In our collective memories, we canonize railroads as the great wilderness breakers, the key technological advance of the industrial revolution and American expansion. Although this may be well and true, our collective memory could use some appreciation for the role canal’s played in the century-long process of binding “the republic together with a perfect system of roads and canals,”as John C. Calhoun put it, to exploit the natural abundances of the land and improve it.1 As George Washington wrote to Thomas Johnson in 1770, “we shall not only draw the produce of the western settlers, but the peltry and fur trade of the lakes also to our ports . . . binding these people to us by a chain which can never be broken.”2 We must remember it was the debate over canals which animated the early fight for an “American system” to strengthen the union and extend American dominance over nature, “civilizing the wilderness” from sea to shining sea. The financial and engineering examples of canal projects, in success and failure, as well as the political solutions which created and destroyed them, laid paths of success and failure for railroad-men to emulate. Railroad schemes brought forth during Reconstruction seem to have benefited from these debates over the role of government in internal improvements, allowing for the perceived necessity of private corporations taking control of building America’s network of iron.

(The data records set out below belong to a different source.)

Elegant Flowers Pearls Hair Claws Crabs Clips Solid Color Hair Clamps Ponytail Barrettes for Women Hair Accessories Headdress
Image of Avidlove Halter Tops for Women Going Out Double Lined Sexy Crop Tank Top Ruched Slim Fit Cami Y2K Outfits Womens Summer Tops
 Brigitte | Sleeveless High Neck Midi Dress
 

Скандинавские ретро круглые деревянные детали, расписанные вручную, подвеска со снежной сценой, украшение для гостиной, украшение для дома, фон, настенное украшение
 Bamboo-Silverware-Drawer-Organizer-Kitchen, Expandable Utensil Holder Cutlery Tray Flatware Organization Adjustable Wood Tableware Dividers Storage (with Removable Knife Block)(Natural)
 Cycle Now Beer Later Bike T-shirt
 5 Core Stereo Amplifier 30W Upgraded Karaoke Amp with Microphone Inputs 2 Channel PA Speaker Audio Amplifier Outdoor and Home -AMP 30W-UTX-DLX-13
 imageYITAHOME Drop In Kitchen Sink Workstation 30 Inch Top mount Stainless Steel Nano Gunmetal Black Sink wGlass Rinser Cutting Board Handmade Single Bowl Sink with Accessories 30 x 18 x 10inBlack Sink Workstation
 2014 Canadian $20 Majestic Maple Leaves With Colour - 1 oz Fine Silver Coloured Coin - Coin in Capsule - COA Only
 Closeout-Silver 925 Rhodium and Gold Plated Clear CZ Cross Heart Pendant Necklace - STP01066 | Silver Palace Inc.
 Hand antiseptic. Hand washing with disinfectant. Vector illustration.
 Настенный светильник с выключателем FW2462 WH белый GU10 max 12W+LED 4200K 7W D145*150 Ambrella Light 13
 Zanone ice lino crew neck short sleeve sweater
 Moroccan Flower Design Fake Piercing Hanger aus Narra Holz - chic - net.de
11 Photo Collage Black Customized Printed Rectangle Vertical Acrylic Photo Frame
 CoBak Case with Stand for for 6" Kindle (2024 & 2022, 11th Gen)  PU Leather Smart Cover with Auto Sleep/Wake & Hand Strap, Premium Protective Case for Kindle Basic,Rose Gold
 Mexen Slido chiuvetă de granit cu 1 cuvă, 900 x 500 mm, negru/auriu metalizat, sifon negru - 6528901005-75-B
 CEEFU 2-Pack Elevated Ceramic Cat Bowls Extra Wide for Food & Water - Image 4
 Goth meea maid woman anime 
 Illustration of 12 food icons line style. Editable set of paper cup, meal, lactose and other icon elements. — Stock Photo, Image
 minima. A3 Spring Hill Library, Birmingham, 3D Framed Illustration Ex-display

Furthermore, one might say that canals served a remarkably similar expansionist role in Appalachia, the Great Lakes region, and the trans-Mississippi West, as did the railroad past the Mississippi in the Great Plains, the Rocky Mountains, and the Pacific Coast. While inferior in degree and extant, canals, like railroads, brought revolutionary changes to American landscapes, watersheds, and ecosystems, as well as enduring political, economic, and social upheavals in American life. The American network of canals created a hybridized second-nature, altering landscapes, watersheds, and ecosystems through increased and intensified commodification, exploitation, and management of nature, similar to the changes wrought on the Western landscape by railroads. Perhaps the uneven success of canals, and their swift overshadowing by railroads, has provided the preconditions for the collective amnesia of their importance in the early American Republic.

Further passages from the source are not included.